» THE PROBLEM
Transcribe every line below exactly; no image goes into the output.

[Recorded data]
┌──

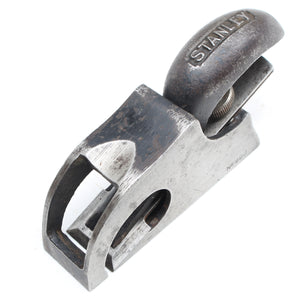 Image Title Old Stanley Bullnose Plane No. 90J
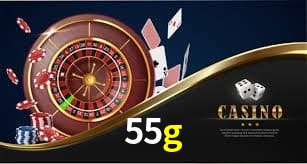 Experiência VIP 55g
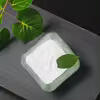 Competitive pricing and wholesale discounts available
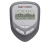 CARBON FITNESS U407 Велотренажер домашний оптом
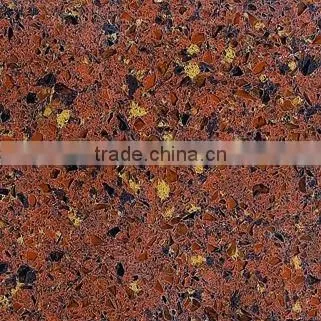 Quartz Stone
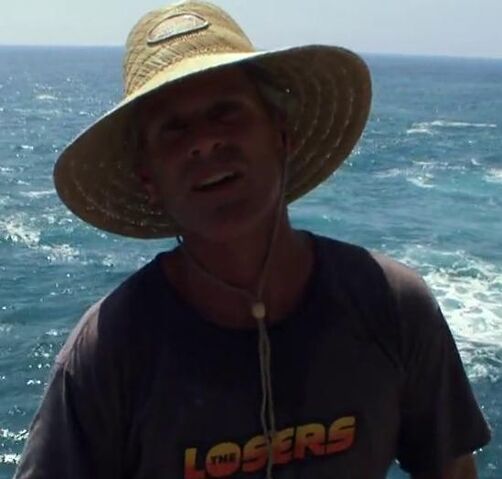 File:Shultz-6X04.jpg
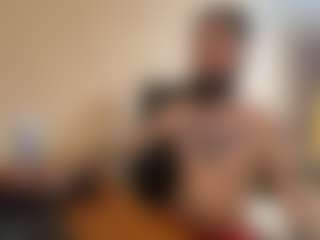 devil15Anna's Live Sex Cam Show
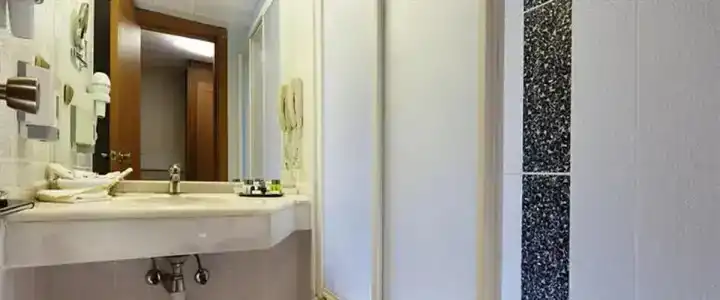 Spa Colossae Thermal - 10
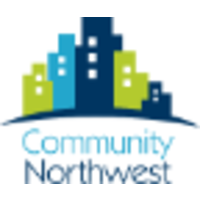 Community Northwest logo, Community Northwest contact details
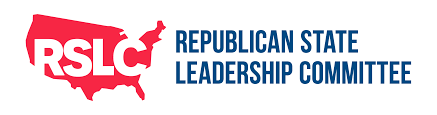 Republican State Leadership Committee
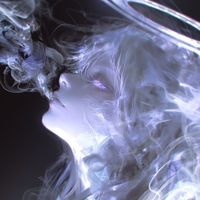 オリジナル楽曲 - 𓍯𓇠るぜっていうんだよ𓂃 𓈒𓏸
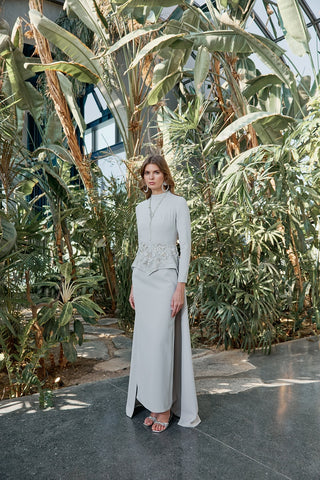 JELENA Dress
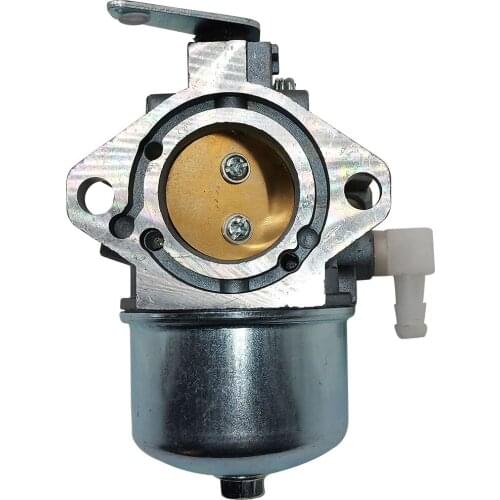 695501 690144 497451 Carburetor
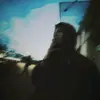 Profile Picture of Alexander (@shiftwith_alex) on Tiktok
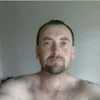 richyspurs69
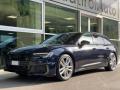 usato AUDI A6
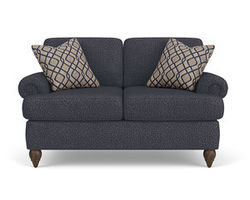 Flexsteel 5018 Loveseat (720-40)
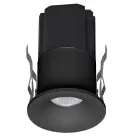 Встраиваемый светильник Mantra 8670 HURGADA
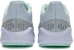 (W) adidas Climacool Vent 'Kelabu' FZ2405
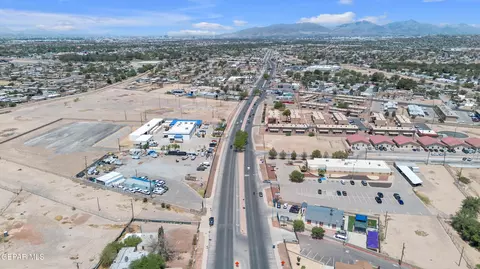 8280 N N Loop Dr, El Paso, TX 79907 photo 31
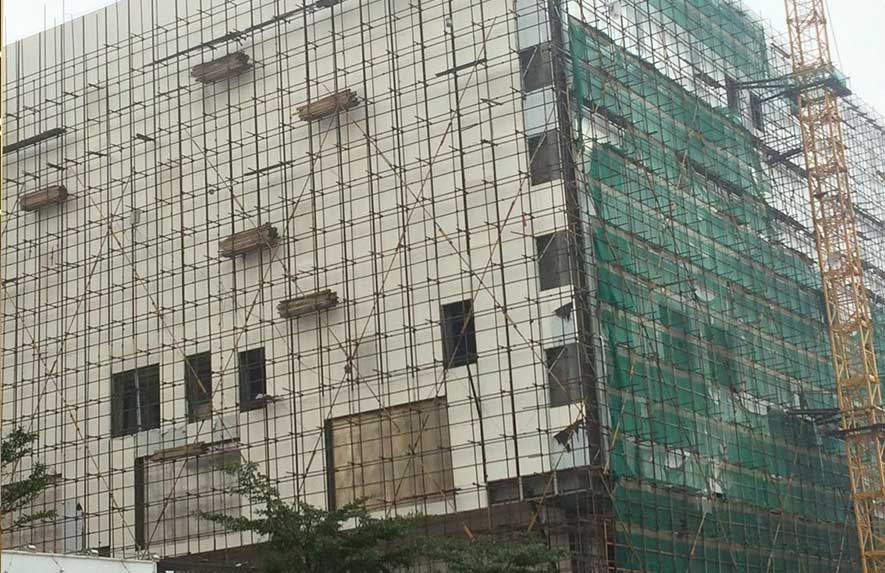 ?？诤５閸u勝佳購物公園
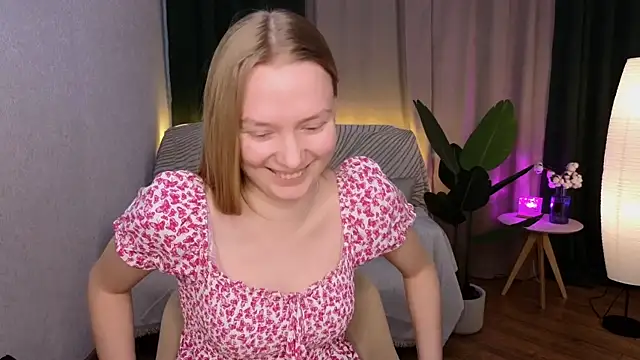 CarolynCohen   online show from February 11, 5:26 am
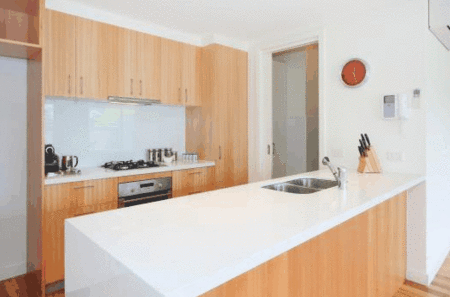 Espresso Brighton - Accommodation BNB 3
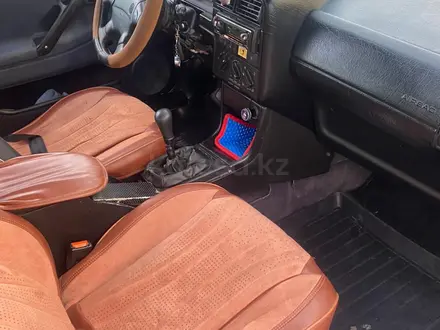 Volkswagen Passat 1995 года за 950 000 тг. в Кызылорда – фото 11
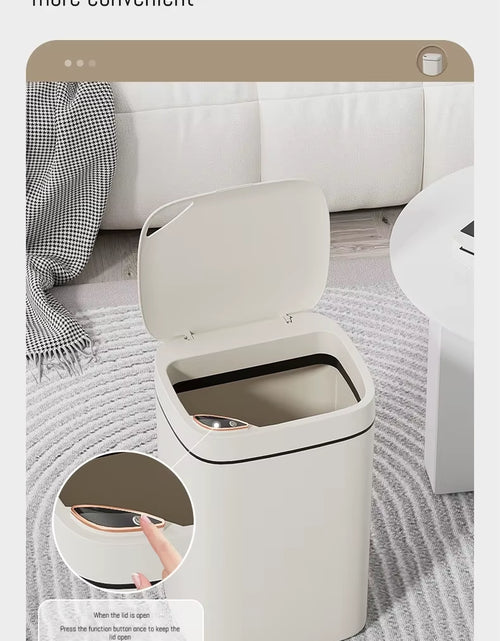 Translation missing: es.products.featured_product.gallery_thumbnail_alt
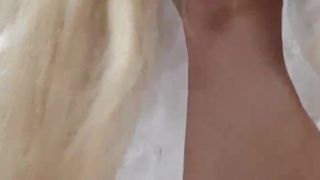 Dzintars_fun webcam show 2020-02-24_14-53-41_803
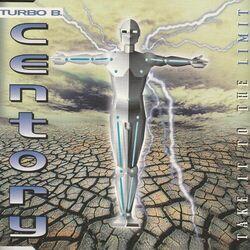 Centory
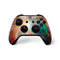 The Orion Nebula Xbox One X Controller Skin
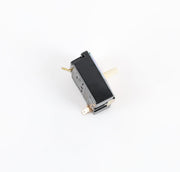 Electrolux Dryer Switches 134399700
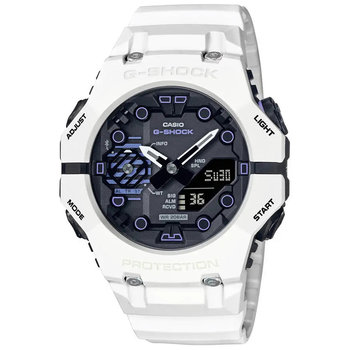 Zegarek Casio G-Shock Ga-B001Sf-7Aer Bluetooth - Casio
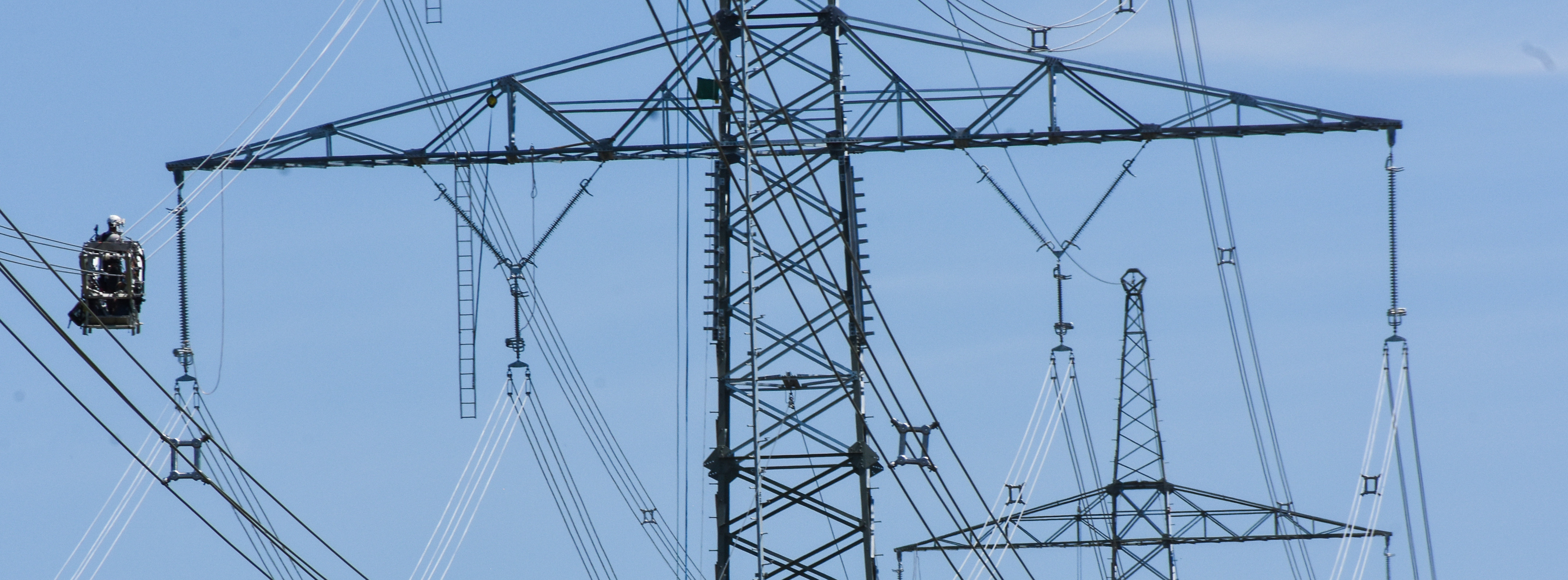 Energie & Management > Stromnetz - Tennet ist &bdquo;Leader&ldquo; im ESG-Ranking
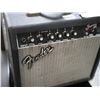 Image 3 : FENDER FRONTMAN 15G AMPLIFIER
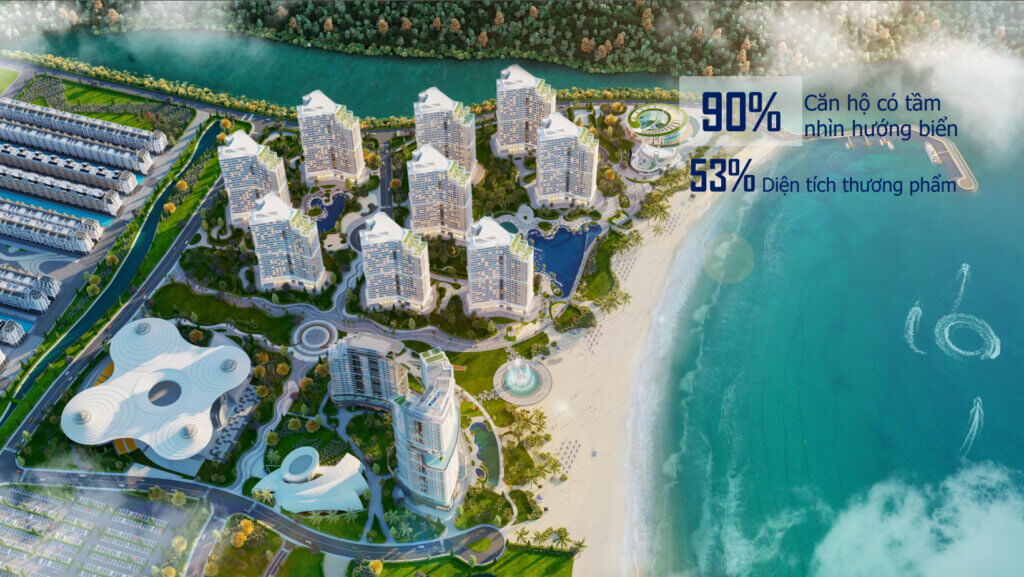 tong-9-block-merryhome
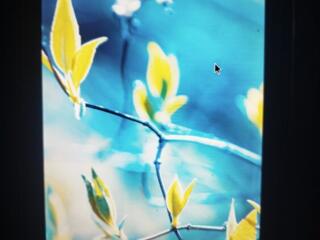 Digma Plane 7580s 4G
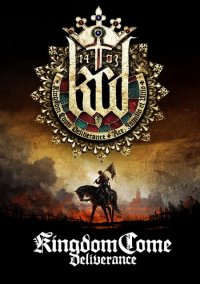 Kingdom Come: Deliverance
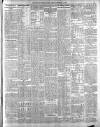 Belfast News-Letter Friday 04 October 1912 Page 11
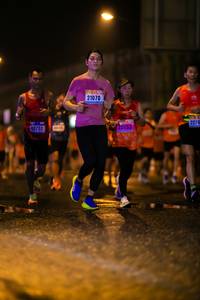 BIB: 21070, 2270, 40753, 25853
                            <button type="button" onclick="openModal(17444807)" class="btn btn-primary btn-sm float-right btn-popup" data-toggle="modal" data-target=".modal-high-quality">
                        <i class="fas fa-shopping-cart"></i> Add to Cart
                    </button>
                                            <button type="button" onclick="isThisMe(17444807, true)" class="btn btn-success btn-sm float-right btn-popup btn-isme hidden" data-toggle="tooltip" data-placement="bottom" title="นี่คือรูปของคุณใช่ไหม คลิกที่นี่เพื่อเอาเข้าอัลบั้ม">
                        <i class="fas fa-plus"></i> Add to album
                    </button>
                    <button type="button" onclick="isThisMe(17444807, false)" class="btn btn-warning btn-sm float-right btn-popup btn-isnotme hidden">
                        <i class="fas fa-ban"></i> Remove from album
                    </button>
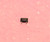 DTA144EK / MARKED 16 32 / DIGITAL TRANSISTOR / SURFACE MOUNT / 10 PIECES (qzty)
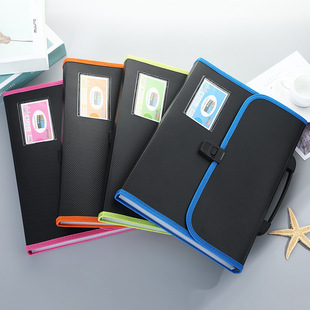 �¿�A4��߅��ĥ�����L�ٰ� ���s����ԇ��Ʊ���ռ{�ļ������l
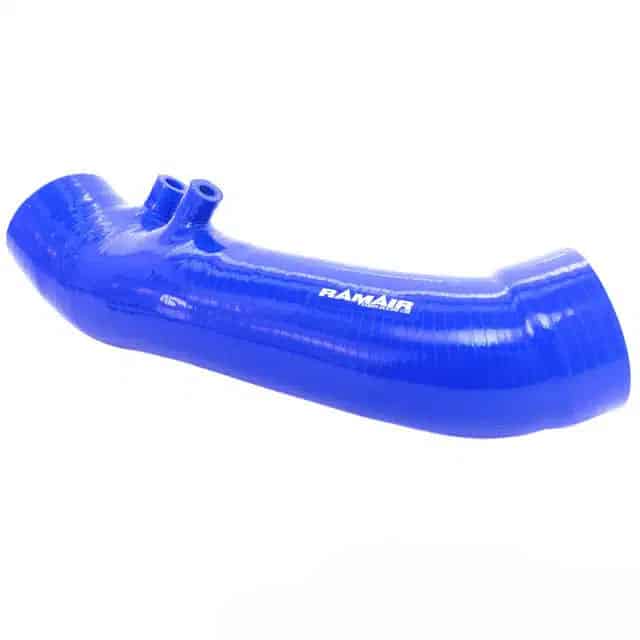 HONDA CIVIC TYPE R INTAKE HOSE – RIP-002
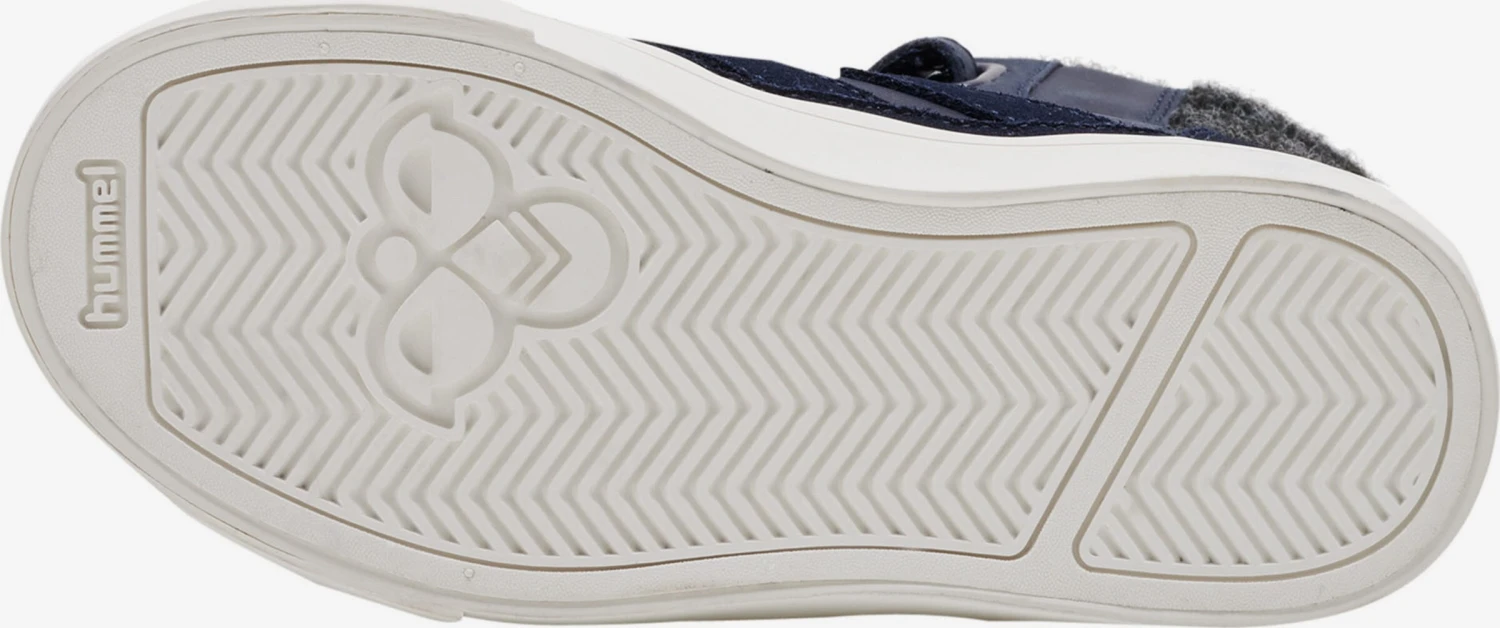 Hummel Laarzen 6 Hummel Laarzen - Afbeelding 4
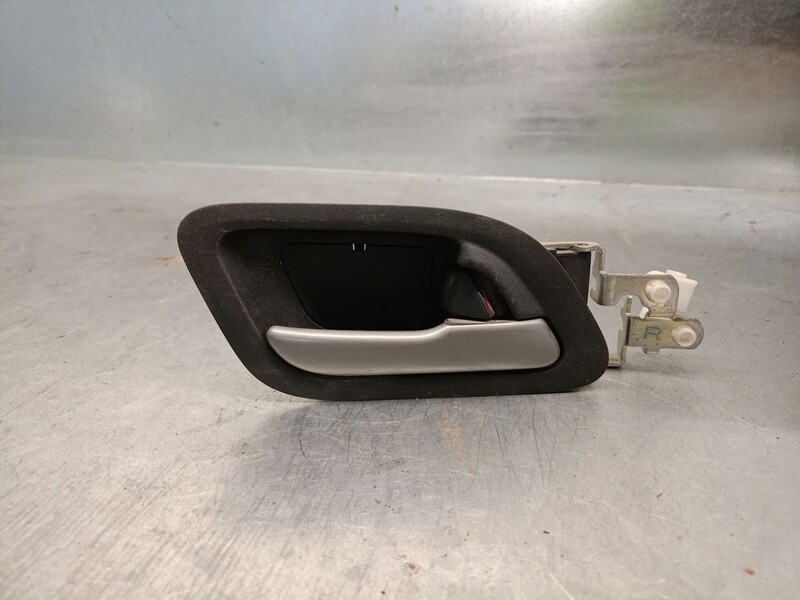 Maniglia interna anteriore destra HONDA FR-V (BE) 2.2 i CTDi Diésel - 1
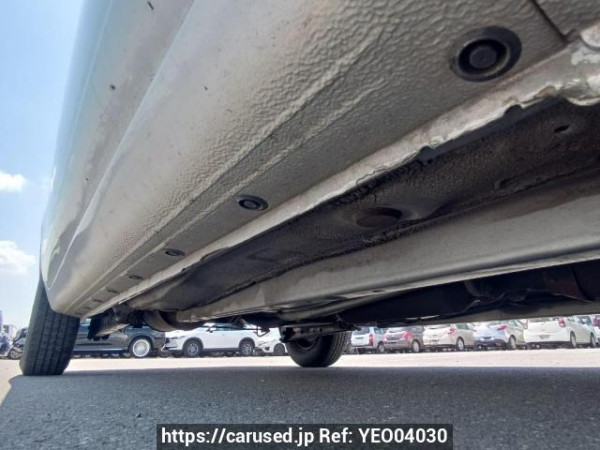 Used 2012 AT toyota probox-van NCP51V Image[32]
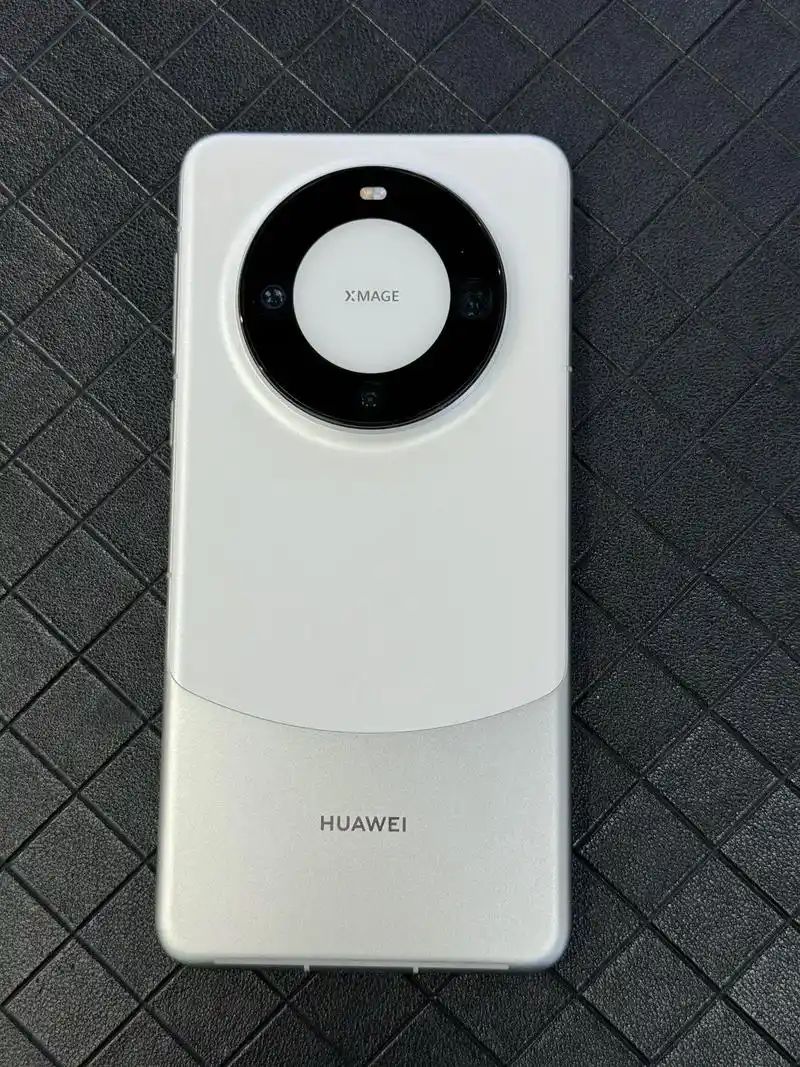 新账号无法注册实名 1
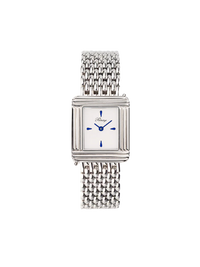 Montre Ma Première personnalisée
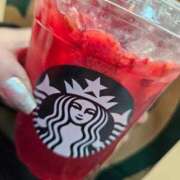 ヒメ日記 2025/01/28 17:24 投稿 あず 奥様特急　上野・鶯谷店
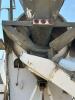 1980 FORD 9000 CONCRETE MIXER TRUCK - 4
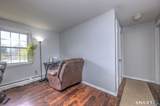 1254 Farmington Avenue - Photo 19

└──

» COMPLETED TASK
 Image Title Old Stanley Bullnose Plane No. 90J
 Experiência VIP 55g
 Competitive pricing and wholesale discounts available
 CARBON FITNESS U407 Велотренажер домашний оптом
 Quartz Stone
 File:Shultz-6X04.jpg
 devil15Anna's Live Sex Cam Show
 Spa Colossae Thermal - 10
 Community Northwest logo, Community Northwest contact details
 Republican State Leadership Committee
 オリジナル楽曲 - 𓍯𓇠るぜっていうんだよ𓂃 𓈒𓏸
 JELENA Dress
 695501 690144 497451 Carburetor
 Profile Picture of Alexander (@shiftwith_alex) on Tiktok
 richyspurs69
 usato AUDI A6
 Flexsteel 5018 Loveseat (720-40)
 Встраиваемый светильник Mantra 8670 HURGADA
 (W) adidas Climacool Vent 'Kelabu' FZ2405
 8280 N N Loop Dr, El Paso, TX 79907 photo 31
 ?？诤５閸u勝佳購物公園
 CarolynCohen   online show from February 11, 5:26 am
 Espresso Brighton - Accommodation BNB 3
 Volkswagen Passat 1995 года за 950 000 тг. в Кызылорда – фото 11
 Translation missing: es.products.featured_product.gallery_thumbnail_alt
 Dzintars_fun webcam show 2020-02-24_14-53-41_803
 Centory
 The Orion Nebula Xbox One X Controller Skin
 Electrolux Dryer Switches 134399700
 Zegarek Casio G-Shock Ga-B001Sf-7Aer Bluetooth - Casio
 Energie & Management > Stromnetz - Tennet ist &bdquo;Leader&ldquo; im ESG-Ranking
 Image 3 : FENDER FRONTMAN 15G AMPLIFIER
 tong-9-block-merryhome
 Digma Plane 7580s 4G
 Kingdom Come: Deliverance
 Belfast News-Letter Friday 04 October 1912 Page 11
 BIB: 21070, 2270, 40753, 25853
                            <button type="button" onclick="openModal(17444807)" class="btn btn-primary btn-sm float-right btn-popup" data-toggle="modal" data-target=".modal-high-quality">
                        <i class="fas fa-shopping-cart"></i> Add to Cart
                    </button>
                                            <button type="button" onclick="isThisMe(17444807, true)" class="btn btn-success btn-sm float-right btn-popup btn-isme hidden" data-toggle="tooltip" data-placement="bottom" title="นี่คือรูปของคุณใช่ไหม คลิกที่นี่เพื่อเอาเข้าอัลบั้ม">
                        <i class="fas fa-plus"></i> Add to album
                    </button>
                    <button type="button" onclick="isThisMe(17444807, false)" class="btn btn-warning btn-sm float-right btn-popup btn-isnotme hidden">
                        <i class="fas fa-ban"></i> Remove from album
                    </button>
 DTA144EK / MARKED 16 32 / DIGITAL TRANSISTOR / SURFACE MOUNT / 10 PIECES (qzty)
 �¿�A4��߅��ĥ�����L�ٰ� ���s����ԇ��Ʊ���ռ{�ļ������l
 HONDA CIVIC TYPE R INTAKE HOSE – RIP-002
 Hummel Laarzen 6 Hummel Laarzen - Afbeelding 4
 Maniglia interna anteriore destra HONDA FR-V (BE) 2.2 i CTDi Diésel - 1
 Used 2012 AT toyota probox-van NCP51V Image[32]
 新账号无法注册实名 1
 Montre Ma Première personnalisée
 ヒメ日記 2025/01/28 17:24 投稿 あず 奥様特急　上野・鶯谷店
 1980 FORD 9000 CONCRETE MIXER TRUCK - 4
 1254 Farmington Avenue - Photo 19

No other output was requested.